Data shown -
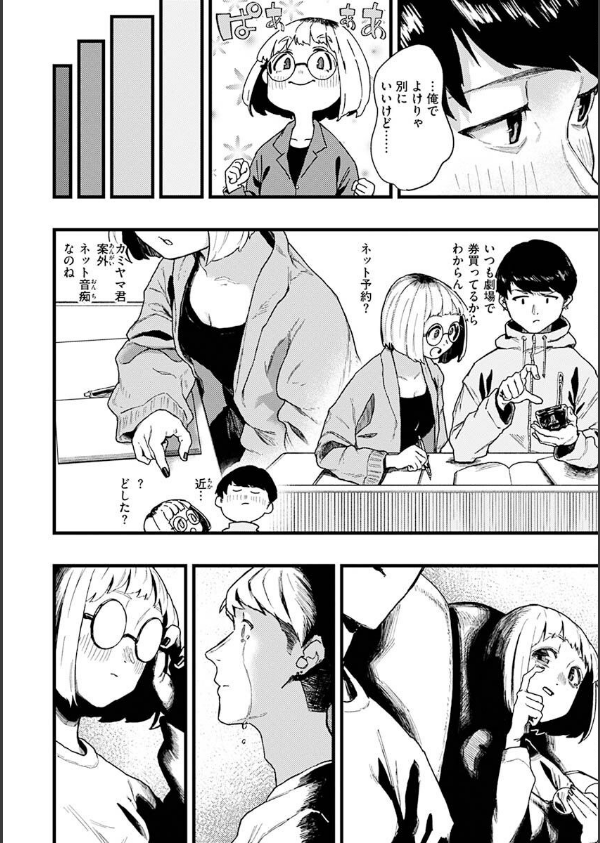 抱かれてあげるっ！_30枚目の画像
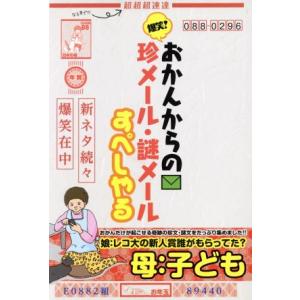 爆笑！おかんからの珍メール・謎メール　すぺしゃる／メディアソフト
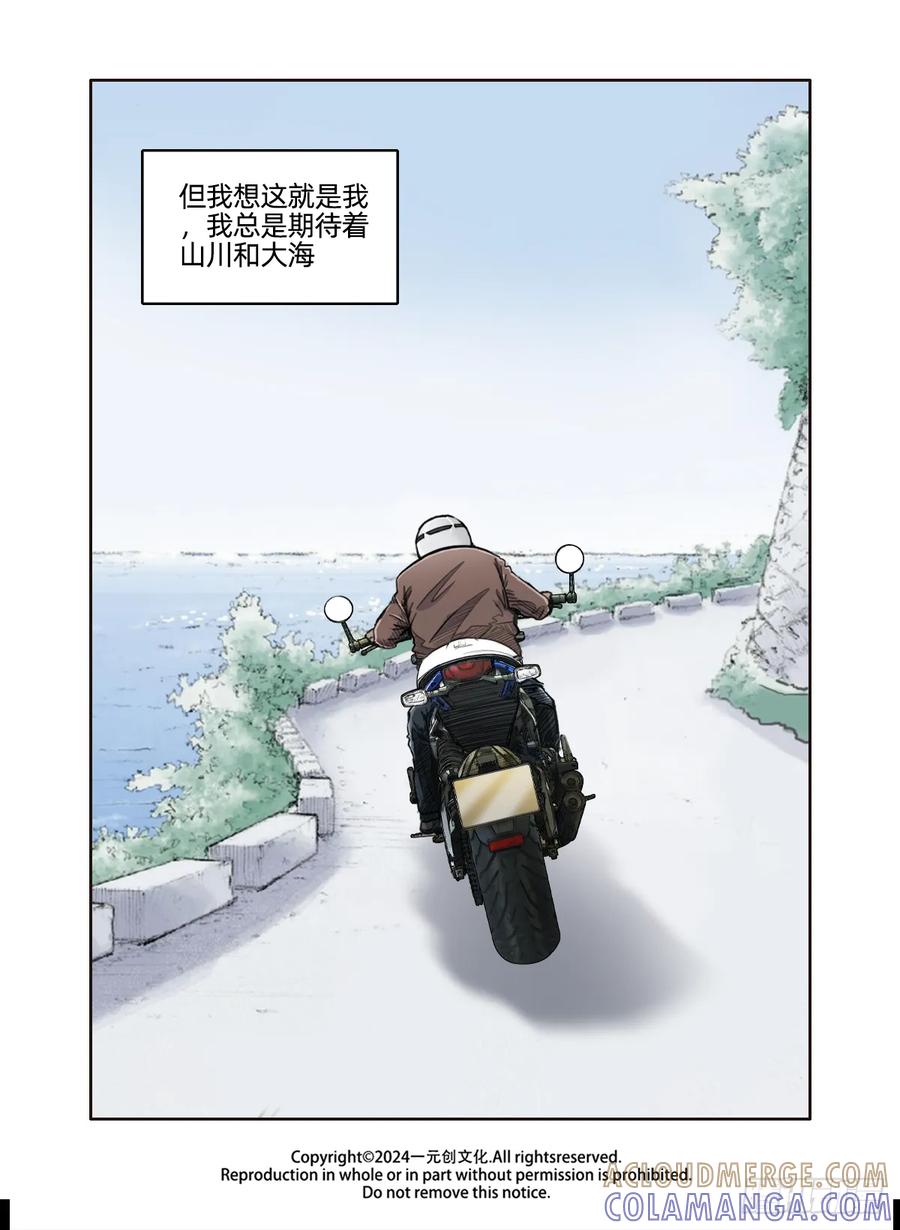 《关于我买不到马就骑摩托车这件事》第十七话 独白汇 第12页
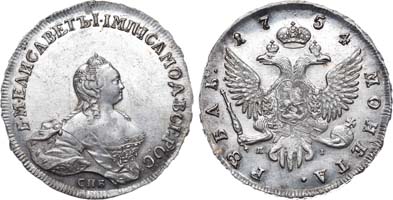 Лот №398, 1 рубль 1754 года. СПБ-BS-ЯI.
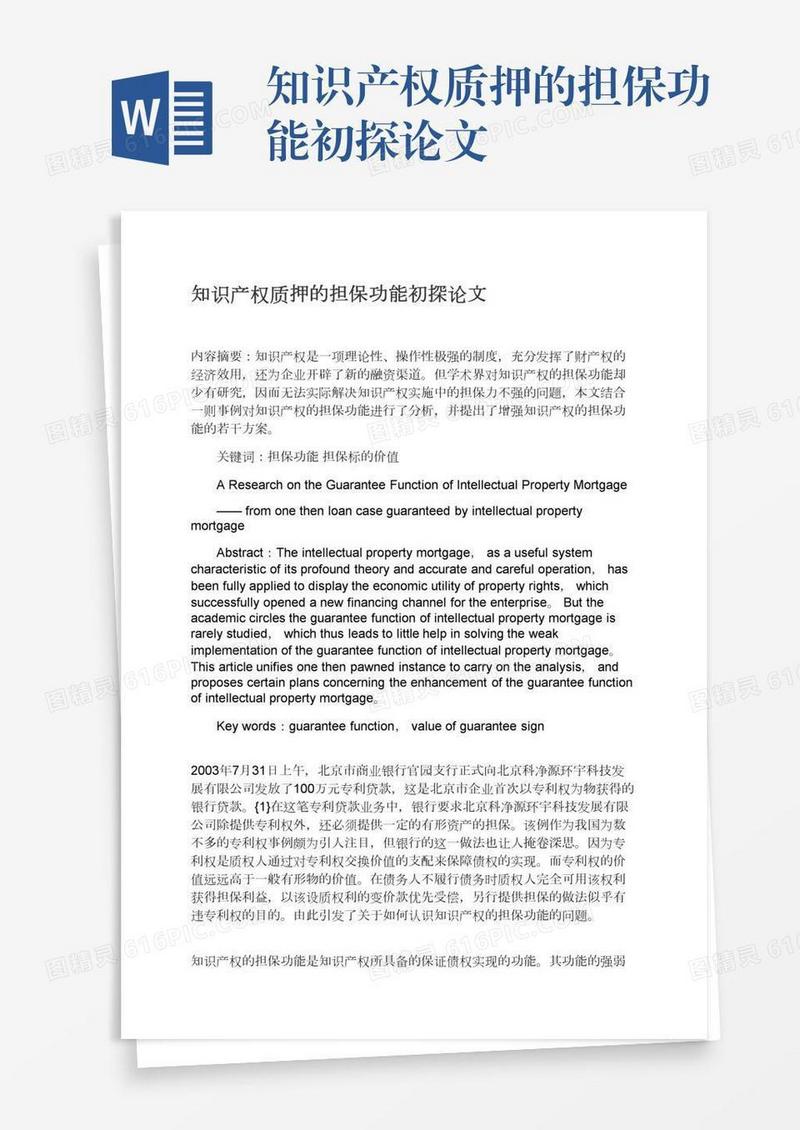 知识产权质押的担保功能初探论文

Action item - Starting at the line that holds "爆笑！おかんからの珍メール・謎メール　すぺしゃる／メディアソフト", write out every remaining line of the material above exactly as it appears. Pictures should not be copied.

Response to this exercise -
 爆笑！おかんからの珍メール・謎メール　すぺしゃる／メディアソフト
 《关于我买不到马就骑摩托车这件事》第十七话 独白汇 第12页
 Лот №398, 1 рубль 1754 года. СПБ-BS-ЯI.
 知识产权质押的担保功能初探论文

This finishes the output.